The design of the Borg prosthetics as used in "I, Borg" was an evolution from those previously seen in the series. Michael Westmore's make-up team developed a removable eye-piece for Hugh, using magnets to allow the actor to remove it as required by the script. The team wanted the eye-piece to be dramatic, but decided against using a laser as this had been previously used for Locutus of Borg. They instead opted for a hologram and a series of LEDs that were powered by a battery pack built into the costume and mounted on the actor's back. The arm piece was also redeveloped; rather than a single "club" piece as previously used for the Borg, it was built from a foam-rubber glove with attachments.

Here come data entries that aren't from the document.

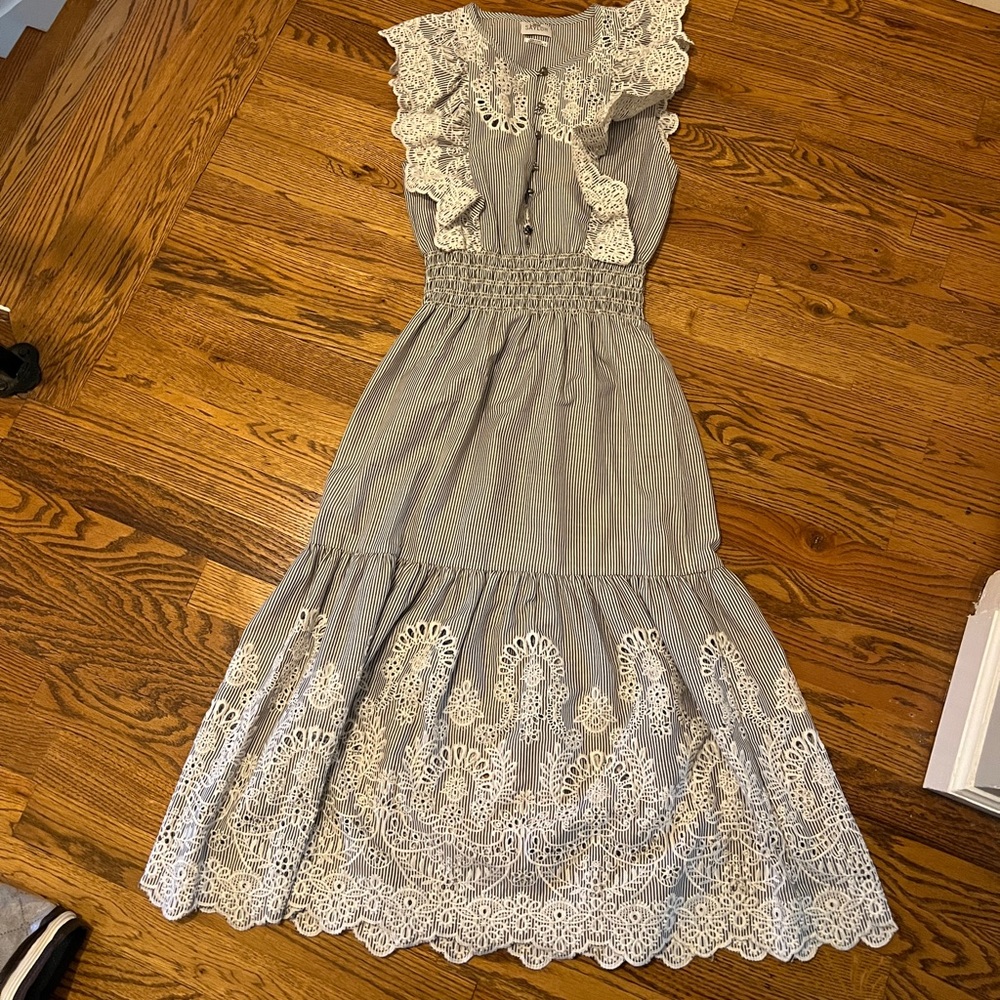 Saylor Maxi Dress - Size Small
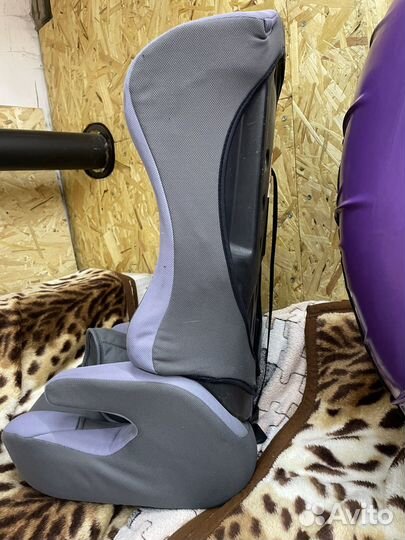 Автомобильное детское кресло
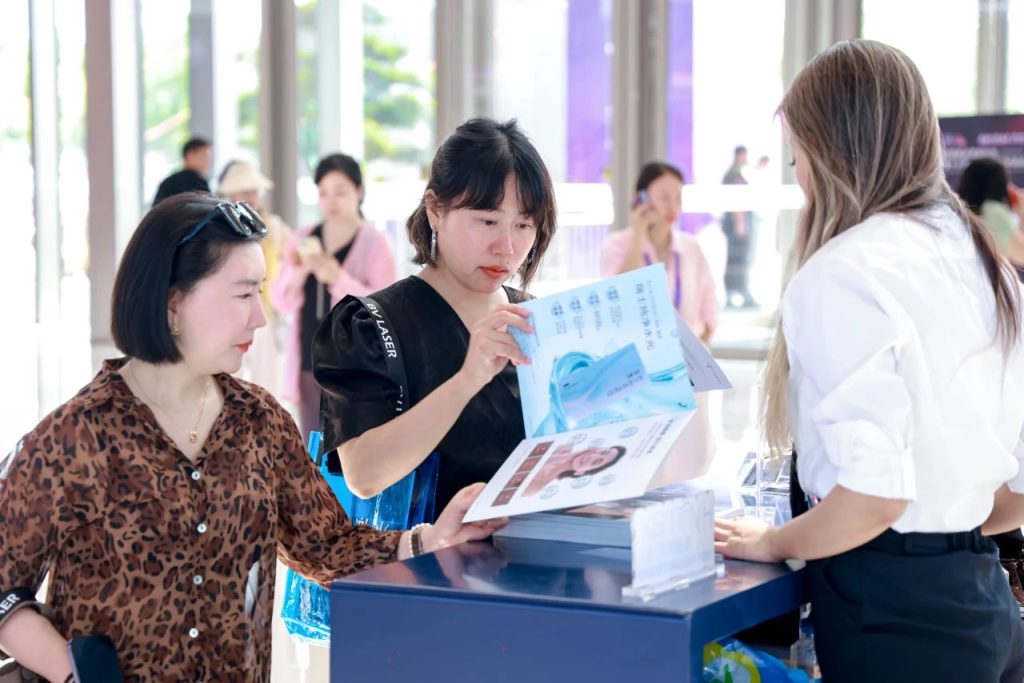 瑞士海雅美 | 携明星产品亮相「第十三届全国微创医学美容大会」，「瑞士匠心」彰显无限魅力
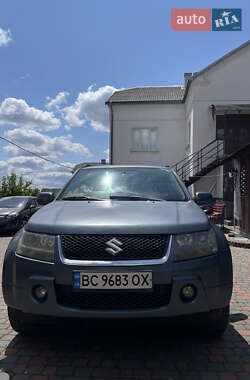 Позашляховик / Кросовер Suzuki Grand Vitara 2006 в Жовкві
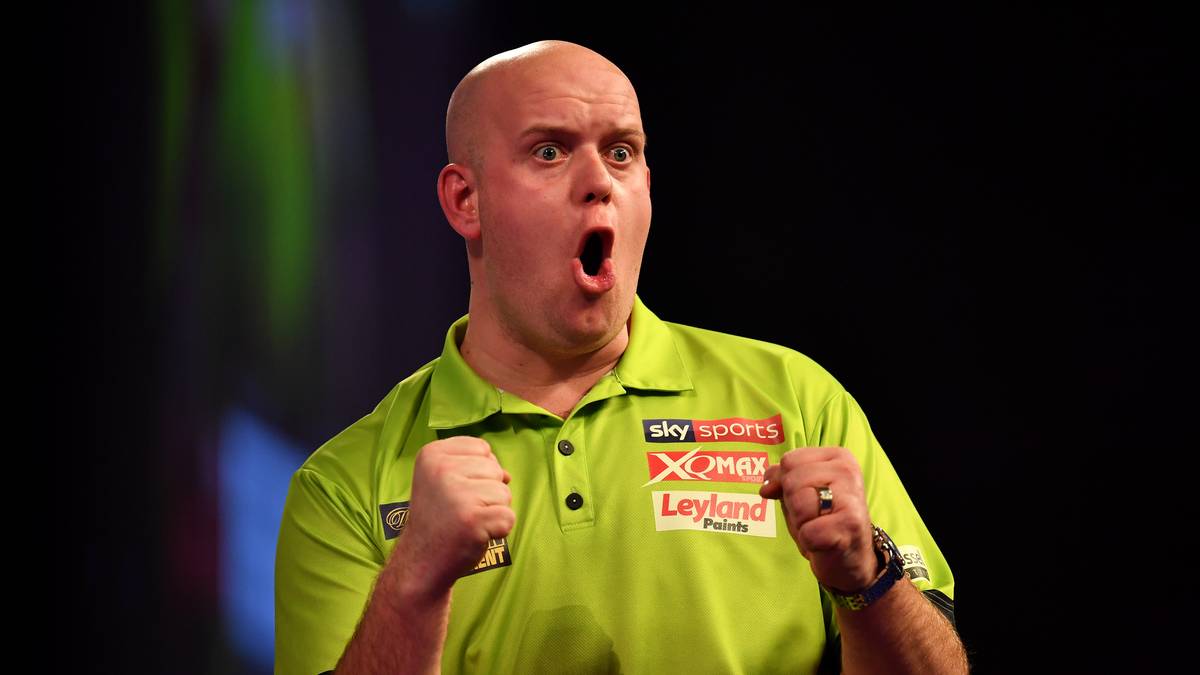 PLATZ 1 - MICHAEL VAN GERWEN (PDC Order of Merit: 1): Die Dominanz von "Mighty Mike" scheint etwas gebrochen zu sein. In den vergangenen Wochen heimste er nicht Turniersieg um Turniersieg ein. Bei der WM im Vorjahr unterlag er im Halbfinale Rob Cross. Diese Scharte möchte van Gerwen nun auswetzen. Der Niederländer ist schlagbar wie selten, hat im Halbfinale der Players Championship Finals gegen Anderson jedoch gezeigt, dass er da ist, wenn es darauf ankommt.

Jonathan Del Arco had no concept of what a Borg was prior to the audition. He received his script on the evening prior to meeting with the producers and felt that it gave him a decent sense of the character. Instead, Del Arco later explained that he was deliberately antisocial towards the other actors at the audition in order to get into Hugh's mindset. When he performed for the producers, someone else read the lines assigned to Picard and La Forge, and he felt like he immediately got a positive result. He received a call back, and returned to audition once more. He had previously done a screen test for the role of character Wesley Crusher.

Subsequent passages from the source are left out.